On 29 Dec 2014, at 14:00, Thomas Friedrichsmeier wrote:
Out of the 846 repos I currently count in scratch/, nearly all of
them haven't seen a commit in years. Meanwhile that's an extra 846
repos that have to be hosted, distributed to anongits, and backed up.
That's not just a lot; that's the largest piece of our Git hosting.
There are more scratch repos than normal repos. If clone repos were
excluded, scratch repos would actually be a majority of all repos --
and again, most of them haven't been touched in years. People
complain about propagation delay of repos to anongits -- syncing all
these totally outdated repos is a major reason.

ok, I can see your point. But, personally, I was absolutely unaware of
that problem, so far. And, while it's absolutely possible that I've
simply missed the relevant discussions(*), I tend to think that I
may not be the only one. In fact, at a cursory glance, I cannot even
find any relevant words of caution on either
- https://sysadmin.kde.org/services/code-repositories/ or
- https://community.kde.org/Sysadmin/GitKdeOrgManual
.

So lets not abandon a very useful concept without giving some soft
measures a try, first:

I just want to point out that scratch repos may be useful to some people, but are also the easiest repo type for anyone to host anywhere, including on their own local filesystem. The concept was a bit flawed from the beginning -- it turned our Git hosting into a generic repository hosting system, even if only for confirmed developers. Yes, it's nice to have remote backup, but you can also get this from many other providers, your own server, your own laptop, or more.

I'm not saying that it shouldn't be easy for developers to get repositories to play around with on KDE infrastructure. I'm just questioning the idea (as in my original email, which is not part of your quote) that actually asking a sysadmin for one is too onerous a burden, so onerous that such projects will simply immediately fail to thrive, instead of the developer simply waiting an extra X hours to be able to push up to a central hosted repo from the local system. Those that feel that this is just too high a price to pay could help reduce it by handling repo requests.

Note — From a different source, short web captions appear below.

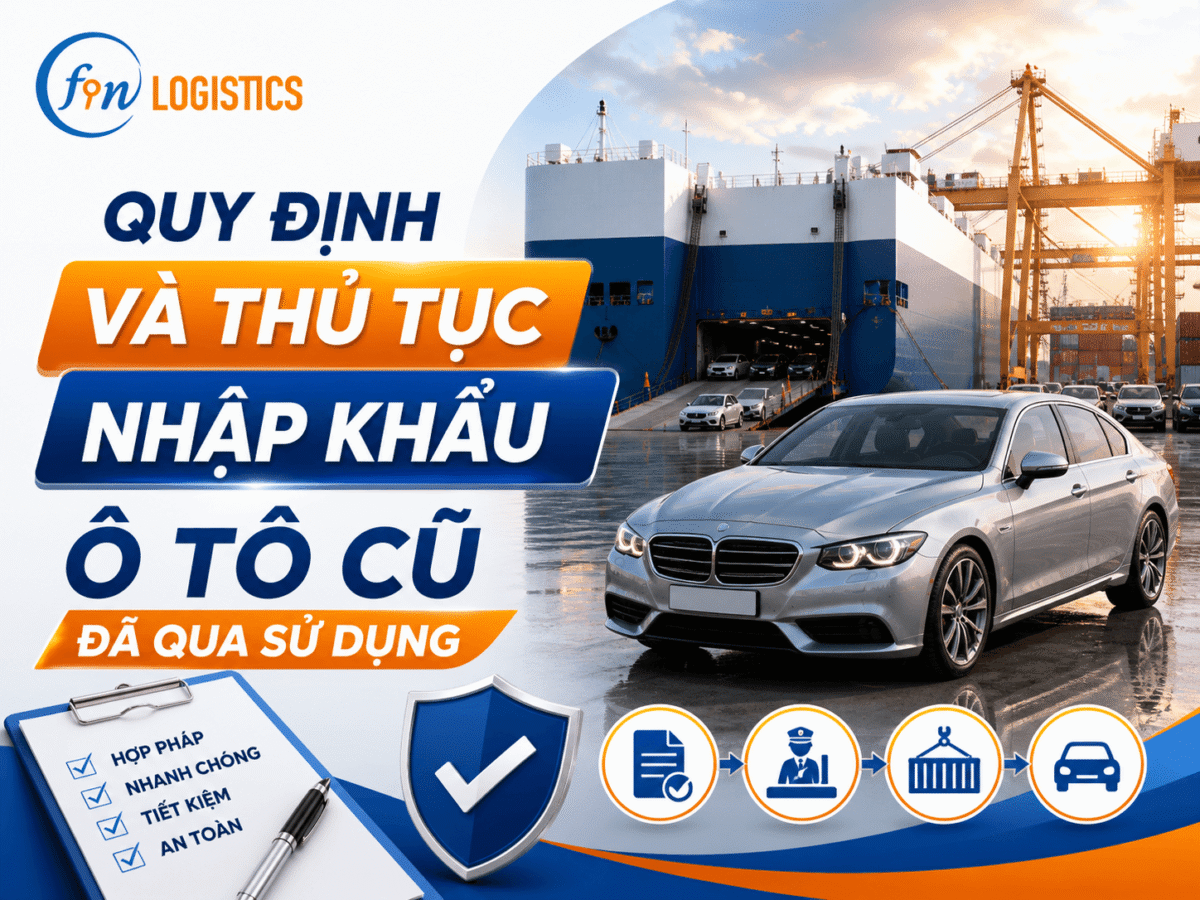Quy định và thủ tục nhập khẩu ô tô cũ đã qua sử dụng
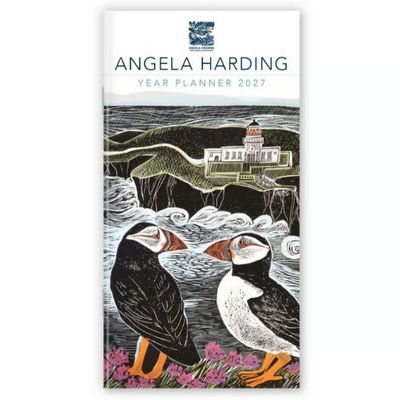 Angela Harding Puffins on Fair Isle 2027 Planner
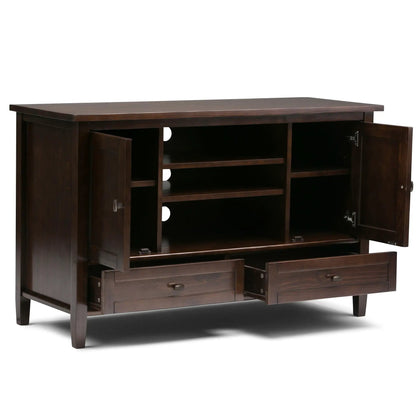 Warm Shaker TV Media Stand Handcrafted Wood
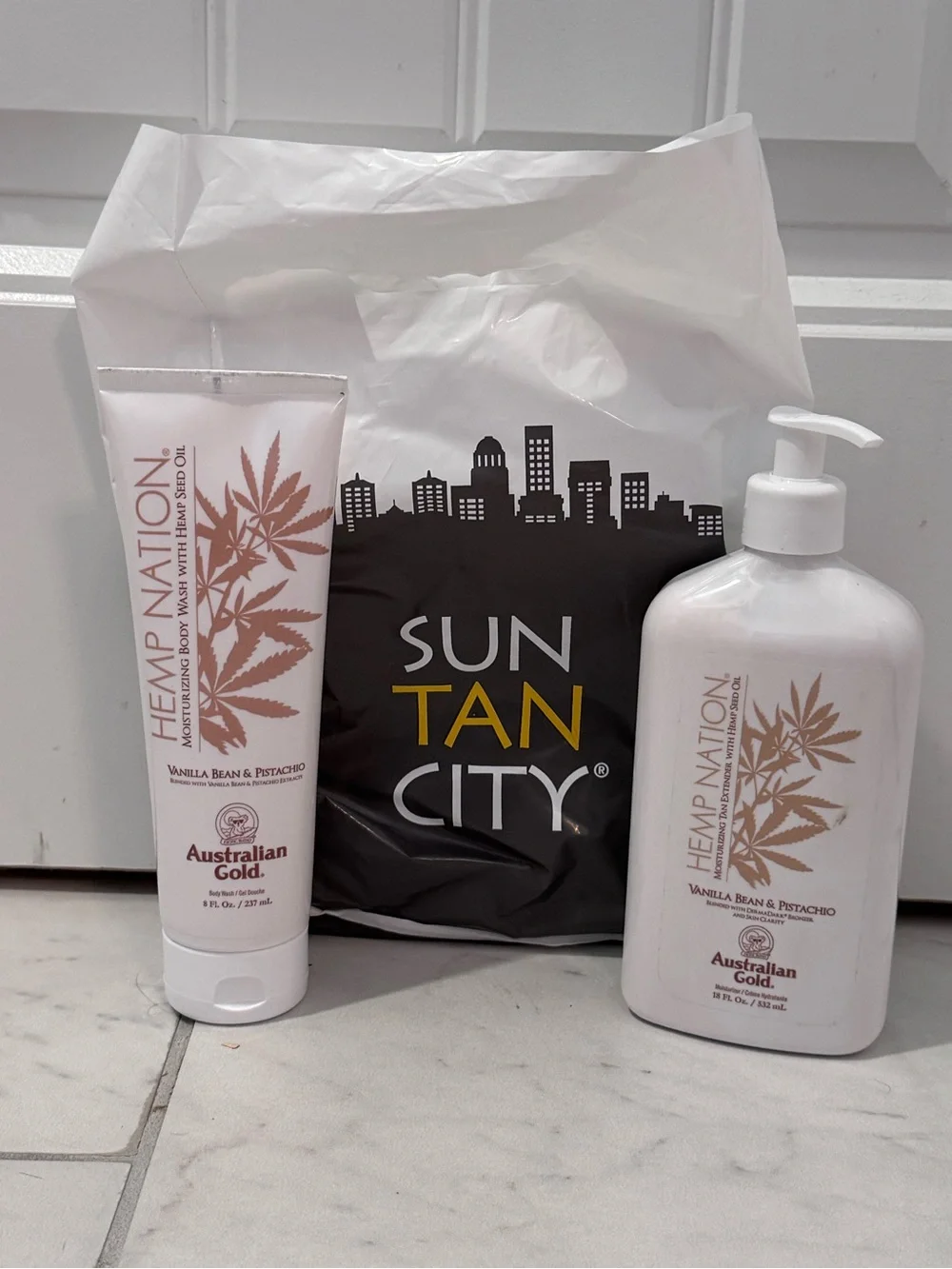 Australian Gold Vanilla Bean & Pistachio Body Lotion and Body Wash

Scratch repos are also not just problematic in terms of all of the out-of-date repositories; they're very much a feature enabled by our current system (they were enabled because we could do it, so why not). If we want to move to a new system and the many other benefits it might provide, the kind of sandboxing that makes scratch a safe place for developers to create repos at will may be hard to provide without more of the types of unmaintainable patches and customizing that cause Ben to describe our system as being held together with glue and duct tape. (The current scratch area itself is already entirely custom-coded on top of Gitolite, and that means it must be maintained.)